**SUPPLIED RECORDS**
-- Opening Marker --

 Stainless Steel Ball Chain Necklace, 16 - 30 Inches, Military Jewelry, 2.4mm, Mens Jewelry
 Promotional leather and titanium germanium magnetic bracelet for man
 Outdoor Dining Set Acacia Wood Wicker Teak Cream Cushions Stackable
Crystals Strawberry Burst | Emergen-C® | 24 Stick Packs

-- Closing Marker --
-- Opening Marker --

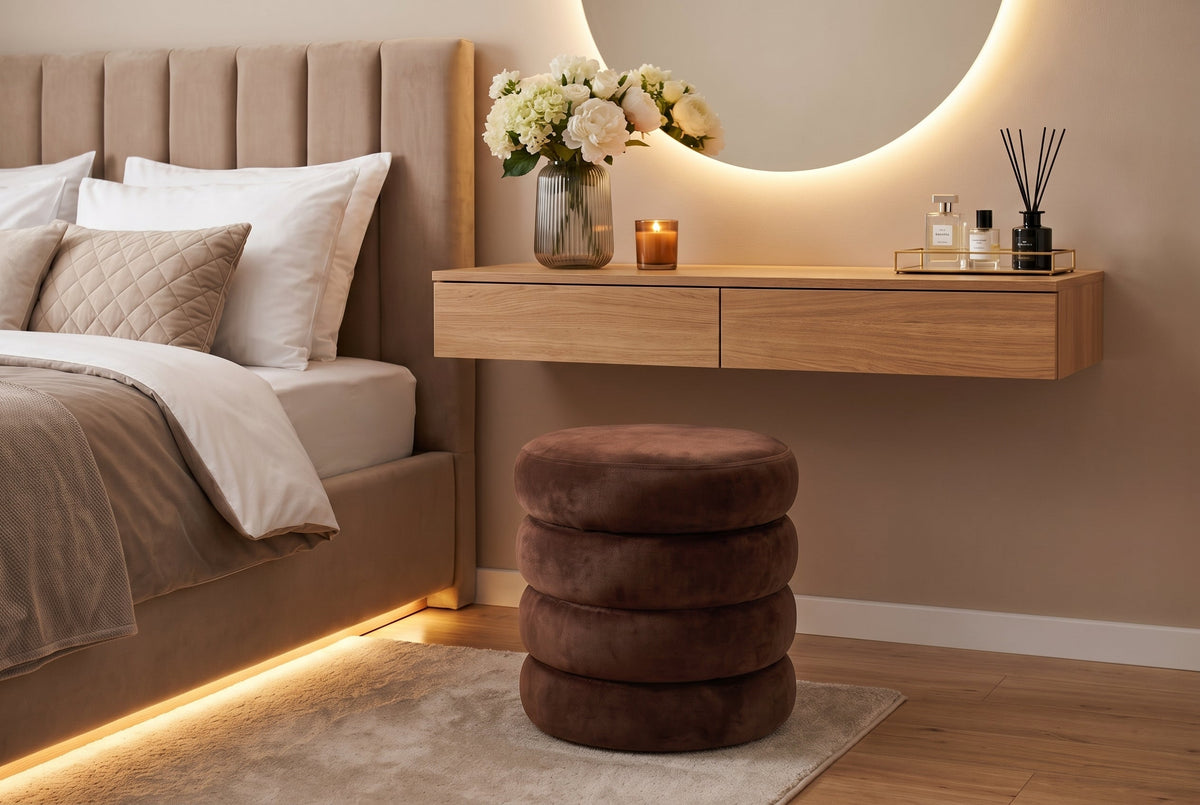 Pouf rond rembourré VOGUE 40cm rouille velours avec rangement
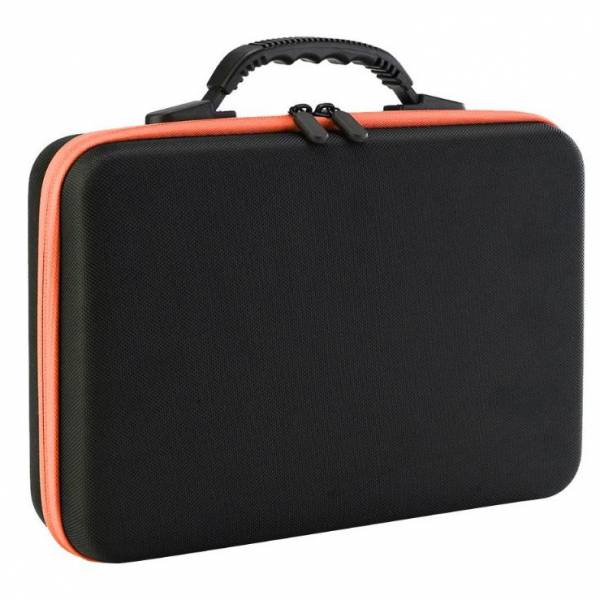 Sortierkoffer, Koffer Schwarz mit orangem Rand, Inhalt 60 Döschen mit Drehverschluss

-- Closing Marker --
-- Opening Marker --

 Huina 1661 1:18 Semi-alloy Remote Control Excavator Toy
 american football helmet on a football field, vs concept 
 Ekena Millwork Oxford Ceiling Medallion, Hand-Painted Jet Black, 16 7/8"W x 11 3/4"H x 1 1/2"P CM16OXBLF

-- Closing Marker --

**ASSIGNMENT**
Would you please copy, word for word, everything above from the line containing "Stainless Steel Ball" down to the line containing "Outdoor Dining Set", those two lines included?

**ANSWER BOX**
 Stainless Steel Ball Chain Necklace, 16 - 30 Inches, Military Jewelry, 2.4mm, Mens Jewelry
 Promotional leather and titanium germanium magnetic bracelet for man
 Outdoor Dining Set Acacia Wood Wicker Teak Cream Cushions Stackable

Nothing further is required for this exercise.